Global Stocks

New Age | Global stocks slip with trade deals in focus

Major stock markets in Europe and Asia mostly fell along with the dollar Friday as focus returned to trade deals and the AI sector at the end of a week dominated by big swings for oil prices.

Taiwan vowed to remain the world’s ‘most important’ maker of chips for artificial intelligence after reaching a trade deal with the United States that will reduce tariffs on the island’s shipments and increase Taiwanese investment on US soil.

It comes one day after Taiwanese chipmaking titan TSMC posted a jump in profits, bolstering confidence that massive AI investments will pay off.

‘The surge in demand for AI products manufactured by TSMC has pricked up the ears of the US administration,’ said Susannah Streeter, chief investment strategist at Wealth Club.

‘The AI juggernaut clearly has further to run, with demand for AI chips seemingly insatiable for now,’ she added.

Taipei’s stock market closed up two per cent Friday, while shares in TSMC advanced three per cent.

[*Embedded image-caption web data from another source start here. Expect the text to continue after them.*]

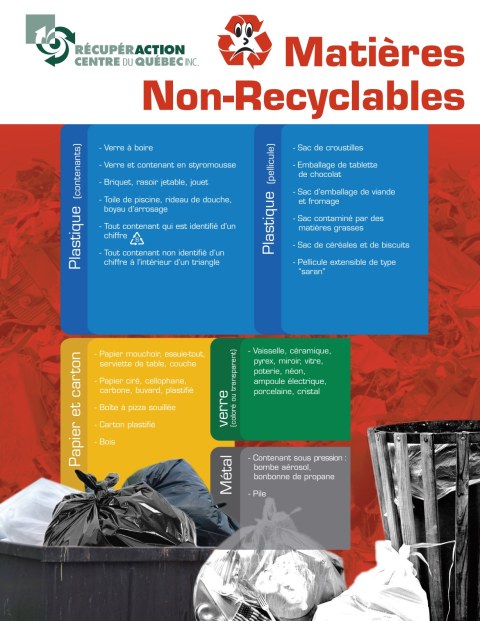 Non Recyclables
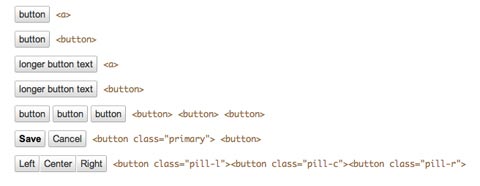 CSS techniques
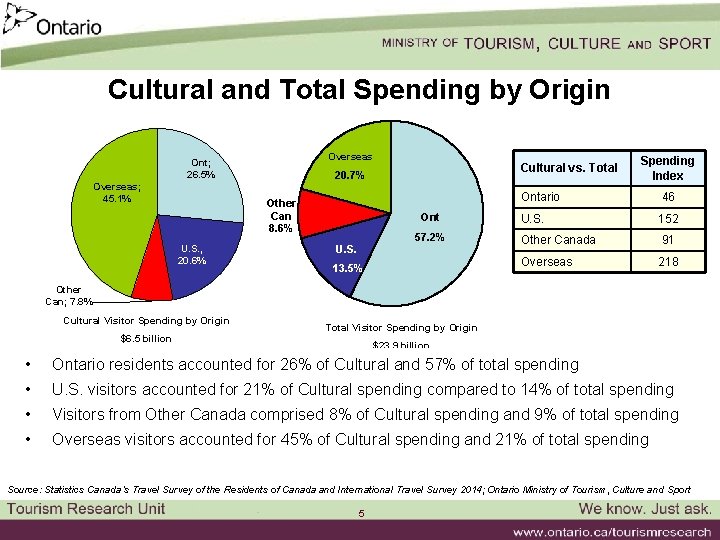 Cultural and Total Spending by Origin Overseas Ont; 26. 5% Overseas; 45. 1% Other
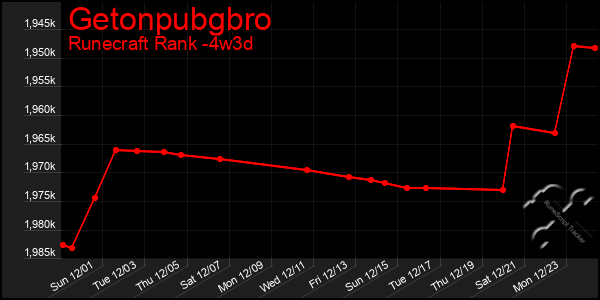 Last 31 Days Graph of Getonpubgbro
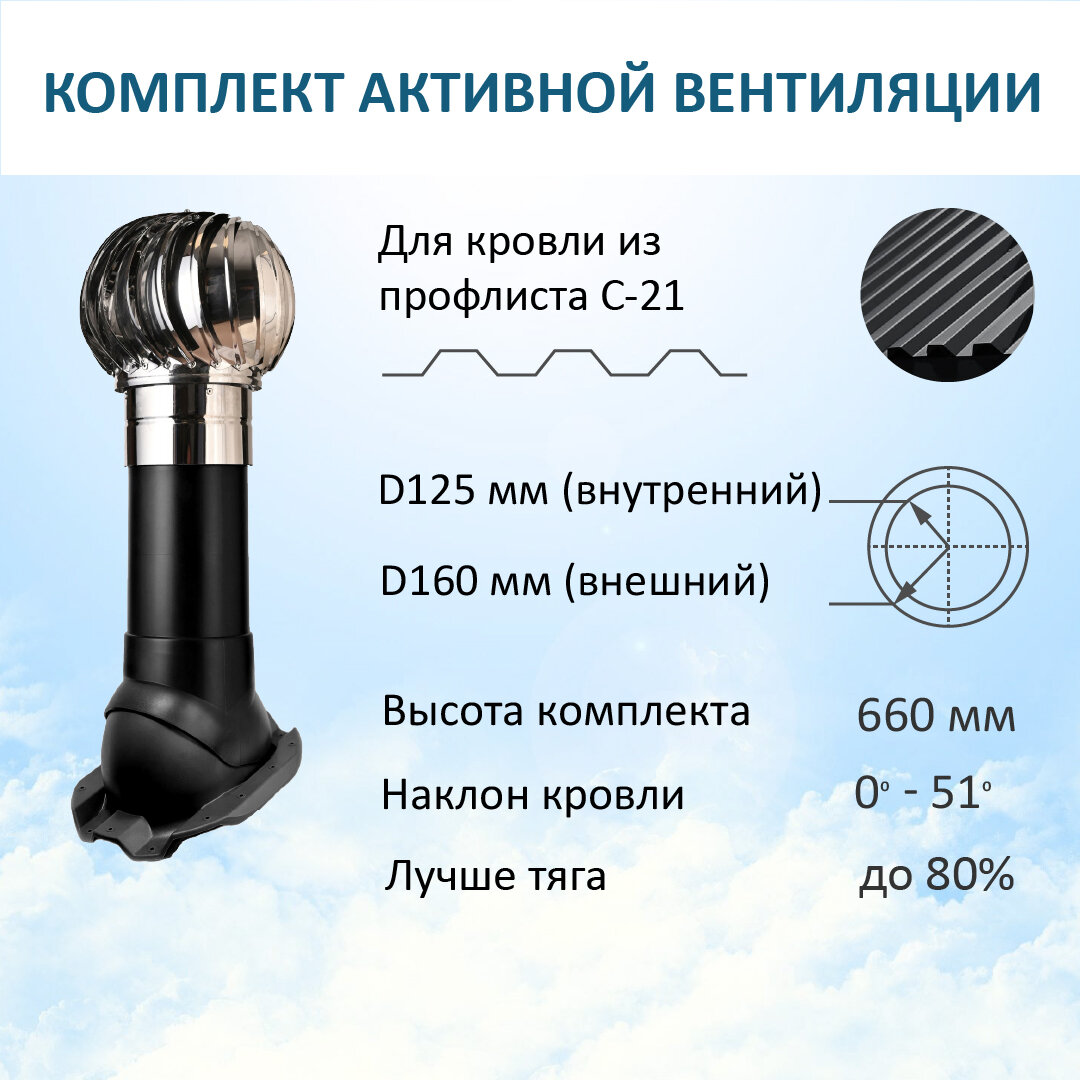 Комплект активной вентиляции: Турбодефлектор TD160 НСТ, вент. выход утепленный высотой Н-500, для кровельного профнастила С-21, черный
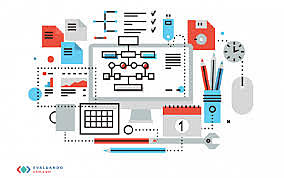 Administración por Procesos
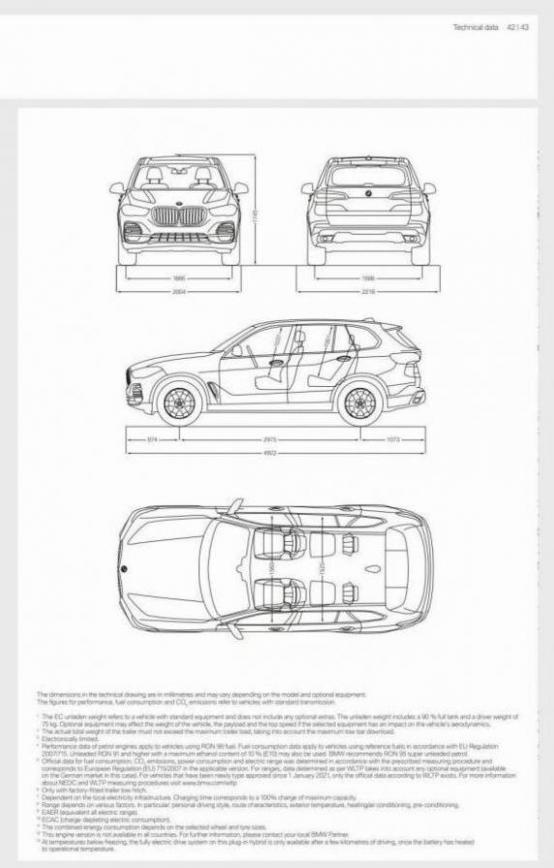 BMW The X5. Page 43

On Thursday, Wall Street’s tech-rich Nasdaq index had piled on more than one per cent early in the session thanks to gains among leading chip companies.

But later in the day there was ‘kind of a roll-back in the megacap stock and semiconductors’, said Briefing.com analyst Patrick O’Hare.

That followed remarks from US Commerce Secretary Howard Lutnick indicating that semiconductor companies that do not build plants in the United States could face 100 per cent tariffs, though the three main Wall Street indices finished moderately higher.

Elsewhere on the international trade front, Canada’s Prime Minister Mark Carney and Chinese President Xi Jinping agreed Friday on a raft of measures at the first meeting between the countries’ leaders in Beijing in eight years.

Carney hailed a ‘landmark deal’ under a ‘new strategic partnership’, turning the page on years of diplomatic spats, retaliatory arrests of each country’s citizens and tariff disputes.

In commodities trading, oil prices rebounded after shedding five per cent Thursday as US President Donald Trump stepped back from military action in crude producer Iran.